Man kennt Convenience Stores vielleicht aus Amerika und anderen Ländern. Die Besonderheit der japanischen ist wohl, dass das Essen (wie zum Beispiel Bentoboxen) tatsächlich brauchbar und nicht allzu ungesund ist.

Die meisten dieser Konbinis haben rund um die Uhr geöffnet. Als Österreicher kann man sich das ja kaum vorstellen. Das macht es auch sehr praktisch, wenn man spät nachts in der Wohnung sitzt und Gelüste nach irgendwelchen Snacks verspürt, oder einem das Toilettenpapier ausgeht. Dann geht man kurz vor die Türe und hat in Windeseile alles, was man braucht.

Alleine im Umkreis unserer Wohnung habe ich fünf dieser Convenience Stores gezählt – wir sind also gut versorgt.

 

Japanische Melonen um 100 Euro im „Depachika“

Die zweite Art von Supermärkten findet man hauptsächlich in Bahnhöfen. Eigentlich ist jede größere Zugstation ein ganzes Einkaufszentrum. Meist mit vielen Stockwerken – von Kleidung über Restaurants bis hin zu Lebensmittel-Läden. Diese finden sich in der Regel im Untergeschoss, weshalb sie auch „Depachika“ (eine Mischung aus „department store“ und „chika“ für Untergeschoss) bezeichnet.

Diese Läden als „Supermärkte“ zu bezeichnen ist schon fast eine Beleidung, denn es handelt sich dabei meist um richtige Luxusmärkte. Die Speisen werden Kaufhaus-ähnlich aufbereitet, es gibt viel zu sehen – und viel Geld auszugeben.

Es ist immer wahnsinnig spannend in solchen Kaufhäusern zu stöbern. Sehr beeindruckend finde ich hier vor allem die Sushi-Abteilung. Die Sushi-Sets sind schon fertig vorbereitet, müssen also nur von hungrigen KundInnen mitgenommen werden. Es gibt die unterschiedlichsten Arten und Farben, die ganze Abteilung sieht oft aus wie ein kleiner Regenbogen.

Die Preise für diese Sushi-Sets sind eigentlich ganz in Ordnung. Sie sind zwar höher als in den normalen Supermärkten, aber gleichzeitig deutlich günstiger als in Sushi-Lokalen.

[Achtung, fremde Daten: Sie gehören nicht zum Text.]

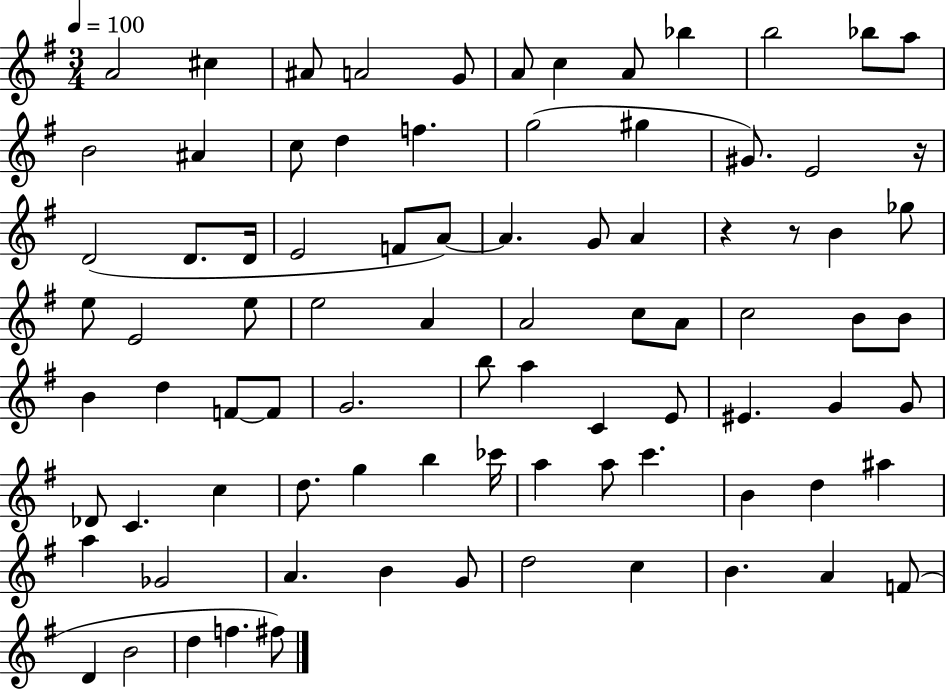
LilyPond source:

{
  \clef treble
  \numericTimeSignature
  \time 3/4
  \key g \major
  \tempo 4 = 100
  \repeat volta 2 { a'2 cis''4 | ais'8 a'2 g'8 | a'8 c''4 a'8 bes''4 | b''2 bes''8 a''8 | \break b'2 ais'4 | c''8 d''4 f''4. | g''2( gis''4 | gis'8.) e'2 r16 | \break d'2( d'8. d'16 | e'2 f'8 a'8~~) | a'4. g'8 a'4 | r4 r8 b'4 ges''8 | \break e''8 e'2 e''8 | e''2 a'4 | a'2 c''8 a'8 | c''2 b'8 b'8 | \break b'4 d''4 f'8~~ f'8 | g'2. | b''8 a''4 c'4 e'8 | eis'4. g'4 g'8 | \break des'8 c'4. c''4 | d''8. g''4 b''4 ces'''16 | a''4 a''8 c'''4. | b'4 d''4 ais''4 | \break a''4 ges'2 | a'4. b'4 g'8 | d''2 c''4 | b'4. a'4 f'8( | \break d'4 b'2 | d''4 f''4. fis''8) | } \bar "|."
}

Wo die Preise in diesen Kaufhaus-Supermärkten auf jeden Fall spektakulärer werden ist Obst. JapanerInnen verschenken Obst beispielsweise gerne als Gastgeschenk – und dabei nicht irgendein Obst. Japanische Melonen können schnell einmal über 100 Euro kosten, kleine Becher mit Weintrauben um die 40 Euro. Es ist keine Seltenheit solche Preise in diesen Läden zu sehen. Das finde ich recht erstaunlich beeindruckend. Ich rechne dann immer nach, ob denn das wirklich stimmen kann, und habe auch schon das ein oder andere Preisschild als Beweis fotografiert.

Die Melone um 100 Euro bekommt man allerdings nicht „einfach so“, sondern in einer edlen Geschenksverpackung aus Karton oder Holz, gefüllt mit Schaumstoff (damit ihr nichts passiert, Gott bewahre!) und einer schönen Schleife drum herum. Angeblich – ich habe es noch nicht selbst probiert – ist dieses teure Obst auch extrem lecker. Als kleine Anregung: vielleicht bekommen wir ja demnächst den ein oder anderen Gast, der uns eine Hunderteuromelone oder eine Viereuroweinbeere mitbringt. Ich würde dann jedenfalls berichten, wie es geschmeckt hat.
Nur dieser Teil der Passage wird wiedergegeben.